Scan the records beneath this line for the line holding "Photo 1 of 2 grey curtains" and the line holding "Wholesale Customized 24v", then transcribe exactly those two and all lines between.

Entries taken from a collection
- Opening Delimiter -
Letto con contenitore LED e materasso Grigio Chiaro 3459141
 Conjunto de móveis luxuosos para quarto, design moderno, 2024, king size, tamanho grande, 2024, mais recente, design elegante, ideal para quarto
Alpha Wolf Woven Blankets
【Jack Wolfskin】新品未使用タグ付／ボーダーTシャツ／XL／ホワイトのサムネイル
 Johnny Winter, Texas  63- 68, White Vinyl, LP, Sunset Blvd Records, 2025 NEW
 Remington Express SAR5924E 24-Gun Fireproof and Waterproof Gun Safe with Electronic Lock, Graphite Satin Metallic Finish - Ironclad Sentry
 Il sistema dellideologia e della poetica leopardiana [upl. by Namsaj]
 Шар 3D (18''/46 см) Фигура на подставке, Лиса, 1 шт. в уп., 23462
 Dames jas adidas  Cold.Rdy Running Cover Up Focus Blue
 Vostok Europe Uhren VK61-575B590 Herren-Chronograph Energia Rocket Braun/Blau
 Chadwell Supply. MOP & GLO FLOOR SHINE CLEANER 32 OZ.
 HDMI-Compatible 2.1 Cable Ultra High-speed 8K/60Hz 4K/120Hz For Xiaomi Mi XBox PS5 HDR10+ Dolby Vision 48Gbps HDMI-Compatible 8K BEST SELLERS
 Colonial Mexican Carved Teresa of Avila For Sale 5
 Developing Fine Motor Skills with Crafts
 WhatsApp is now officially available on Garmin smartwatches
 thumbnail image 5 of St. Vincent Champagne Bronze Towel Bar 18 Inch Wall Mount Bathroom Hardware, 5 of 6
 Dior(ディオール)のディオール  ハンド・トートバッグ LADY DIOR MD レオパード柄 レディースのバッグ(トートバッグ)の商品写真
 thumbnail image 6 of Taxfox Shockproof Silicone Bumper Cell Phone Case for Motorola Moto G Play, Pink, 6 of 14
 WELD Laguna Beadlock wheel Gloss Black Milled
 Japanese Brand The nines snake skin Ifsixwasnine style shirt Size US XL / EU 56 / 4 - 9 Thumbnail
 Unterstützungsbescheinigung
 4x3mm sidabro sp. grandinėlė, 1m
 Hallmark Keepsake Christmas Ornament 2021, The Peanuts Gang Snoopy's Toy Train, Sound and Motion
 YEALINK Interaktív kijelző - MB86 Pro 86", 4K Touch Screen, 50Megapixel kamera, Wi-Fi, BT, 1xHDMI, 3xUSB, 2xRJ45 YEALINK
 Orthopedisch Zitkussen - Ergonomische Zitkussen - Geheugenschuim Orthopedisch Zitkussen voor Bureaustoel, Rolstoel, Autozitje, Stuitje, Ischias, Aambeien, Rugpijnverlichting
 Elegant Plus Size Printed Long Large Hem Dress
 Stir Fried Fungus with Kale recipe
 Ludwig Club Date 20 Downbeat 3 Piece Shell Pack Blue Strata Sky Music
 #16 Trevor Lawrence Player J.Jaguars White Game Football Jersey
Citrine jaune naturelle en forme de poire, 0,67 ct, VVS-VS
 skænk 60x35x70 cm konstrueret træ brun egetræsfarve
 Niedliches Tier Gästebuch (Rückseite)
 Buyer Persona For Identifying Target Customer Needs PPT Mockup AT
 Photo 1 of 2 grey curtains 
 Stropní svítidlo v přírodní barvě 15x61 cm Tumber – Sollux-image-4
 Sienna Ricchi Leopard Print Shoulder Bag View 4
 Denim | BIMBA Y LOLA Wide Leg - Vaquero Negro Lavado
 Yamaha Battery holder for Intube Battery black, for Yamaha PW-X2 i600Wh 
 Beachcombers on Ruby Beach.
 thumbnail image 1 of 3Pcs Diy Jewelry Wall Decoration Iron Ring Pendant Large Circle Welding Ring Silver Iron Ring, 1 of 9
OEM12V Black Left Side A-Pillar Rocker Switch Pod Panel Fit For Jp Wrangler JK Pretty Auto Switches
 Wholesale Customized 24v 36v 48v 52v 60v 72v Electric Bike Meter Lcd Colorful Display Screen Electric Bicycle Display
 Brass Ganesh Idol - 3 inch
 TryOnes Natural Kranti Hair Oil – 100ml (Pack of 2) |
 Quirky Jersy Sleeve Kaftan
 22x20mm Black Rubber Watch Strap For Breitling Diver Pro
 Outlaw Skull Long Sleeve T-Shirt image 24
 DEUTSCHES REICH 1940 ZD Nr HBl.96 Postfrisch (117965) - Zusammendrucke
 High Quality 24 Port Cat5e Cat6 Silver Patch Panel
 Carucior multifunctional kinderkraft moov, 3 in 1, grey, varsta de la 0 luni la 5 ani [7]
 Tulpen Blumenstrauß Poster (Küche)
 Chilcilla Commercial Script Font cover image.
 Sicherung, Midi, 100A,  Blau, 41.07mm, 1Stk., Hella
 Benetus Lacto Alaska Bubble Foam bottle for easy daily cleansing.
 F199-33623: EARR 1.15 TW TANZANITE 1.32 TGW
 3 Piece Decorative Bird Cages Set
- Closing Delimiter -
THE ANSWER
 Photo 1 of 2 grey curtains 
 Stropní svítidlo v přírodní barvě 15x61 cm Tumber – Sollux-image-4
 Sienna Ricchi Leopard Print Shoulder Bag View 4
 Denim | BIMBA Y LOLA Wide Leg - Vaquero Negro Lavado
 Yamaha Battery holder for Intube Battery black, for Yamaha PW-X2 i600Wh 
 Beachcombers on Ruby Beach.
 thumbnail image 1 of 3Pcs Diy Jewelry Wall Decoration Iron Ring Pendant Large Circle Welding Ring Silver Iron Ring, 1 of 9
OEM12V Black Left Side A-Pillar Rocker Switch Pod Panel Fit For Jp Wrangler JK Pretty Auto Switches
 Wholesale Customized 24v 36v 48v 52v 60v 72v Electric Bike Meter Lcd Colorful Display Screen Electric Bicycle Display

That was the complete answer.